Mediterranean diet reduces risk of cardiovascular disease by 30%, study finds
NEW YORK — The alleged health benefits of a Mediterranean diet have been touted for years, but a new study adds weight to the claims.
The study, published online Monday in the New England Journal of Medicine, found that a traditional Mediterranean diet — characterized as rich in extra-virgin olive oil, nuts, fruits and vegetables and including moderate wine consumption, as well as low intake of dairy products, red meat, processed meats and sweets — reduced the risk of cardiovascular disease.

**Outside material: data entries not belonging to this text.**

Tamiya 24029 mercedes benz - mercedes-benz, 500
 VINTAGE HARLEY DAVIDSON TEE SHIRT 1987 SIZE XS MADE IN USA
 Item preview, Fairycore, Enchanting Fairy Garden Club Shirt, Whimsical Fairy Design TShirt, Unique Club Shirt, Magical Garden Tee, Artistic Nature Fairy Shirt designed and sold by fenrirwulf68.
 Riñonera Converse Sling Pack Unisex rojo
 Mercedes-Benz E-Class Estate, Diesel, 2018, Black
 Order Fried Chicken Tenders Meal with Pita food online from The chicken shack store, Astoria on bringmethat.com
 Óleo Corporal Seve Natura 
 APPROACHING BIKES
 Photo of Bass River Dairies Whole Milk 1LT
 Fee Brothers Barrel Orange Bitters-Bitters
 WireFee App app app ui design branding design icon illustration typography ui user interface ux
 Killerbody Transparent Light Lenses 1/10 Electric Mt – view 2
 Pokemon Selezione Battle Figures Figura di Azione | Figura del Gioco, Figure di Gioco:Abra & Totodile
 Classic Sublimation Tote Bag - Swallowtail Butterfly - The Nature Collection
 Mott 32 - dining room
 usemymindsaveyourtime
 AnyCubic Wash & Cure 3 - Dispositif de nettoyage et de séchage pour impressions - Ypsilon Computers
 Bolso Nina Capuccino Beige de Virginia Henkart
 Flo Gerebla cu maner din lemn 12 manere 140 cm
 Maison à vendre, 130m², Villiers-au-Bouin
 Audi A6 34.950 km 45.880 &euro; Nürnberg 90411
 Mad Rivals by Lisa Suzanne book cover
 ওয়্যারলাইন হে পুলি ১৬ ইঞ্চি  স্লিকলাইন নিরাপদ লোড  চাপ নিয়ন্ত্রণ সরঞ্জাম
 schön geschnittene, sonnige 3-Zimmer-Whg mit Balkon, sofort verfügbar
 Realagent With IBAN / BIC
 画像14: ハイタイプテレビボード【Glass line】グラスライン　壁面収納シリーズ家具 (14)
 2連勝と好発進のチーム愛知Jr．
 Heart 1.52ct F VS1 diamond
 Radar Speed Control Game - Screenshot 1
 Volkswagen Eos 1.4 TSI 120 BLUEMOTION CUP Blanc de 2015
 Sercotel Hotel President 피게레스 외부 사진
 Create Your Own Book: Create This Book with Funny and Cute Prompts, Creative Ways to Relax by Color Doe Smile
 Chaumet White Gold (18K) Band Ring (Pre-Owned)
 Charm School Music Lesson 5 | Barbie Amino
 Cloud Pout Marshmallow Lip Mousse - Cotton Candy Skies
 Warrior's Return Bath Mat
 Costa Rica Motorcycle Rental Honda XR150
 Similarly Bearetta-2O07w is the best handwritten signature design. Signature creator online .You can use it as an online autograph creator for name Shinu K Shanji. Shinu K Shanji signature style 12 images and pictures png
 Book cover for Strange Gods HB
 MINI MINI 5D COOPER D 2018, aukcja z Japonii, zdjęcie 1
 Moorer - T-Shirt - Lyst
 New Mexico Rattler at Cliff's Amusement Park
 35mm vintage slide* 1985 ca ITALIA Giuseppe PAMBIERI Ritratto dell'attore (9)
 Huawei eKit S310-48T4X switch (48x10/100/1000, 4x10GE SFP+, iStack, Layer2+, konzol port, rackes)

Spanish researchers enrolled 7,447 men between 55 and 80 and women between 60 and 80 who did not have cardiovascular disease, but were identified has having high risk due to Type 2 diabetes or factors such as smoking, high blood pressure, bad cholesterol, poor weight control or a family history of heart disease. Participants were divided into three groups — one group that ate a Mediterranean diet supplemented with extra-virgin olive oil, one that ate a diet supplemented with nuts and a control group — and followed for nearly five years, starting in October 2003.
After five years, the researchers recorded 96 incidents of cardiovascular disease among the olive oil group, 83 among the nut group and 109 in the control group. Overall, the researchers found that the Mediterranean diet reduced the risk of cardiovascular disease by about 30%.
"In conclusion, in this primary prevention trial, we observed that an energy-unrestricted Mediterranean diet, supplemented with extra-virgin olive oil or nuts, resulted in a substantial reduction in the risk of major cardiovascular events among high-risk persons. The results support the benefits of the Mediterranean diet for the primary prevention of cardiovascular disease," the authors wrote.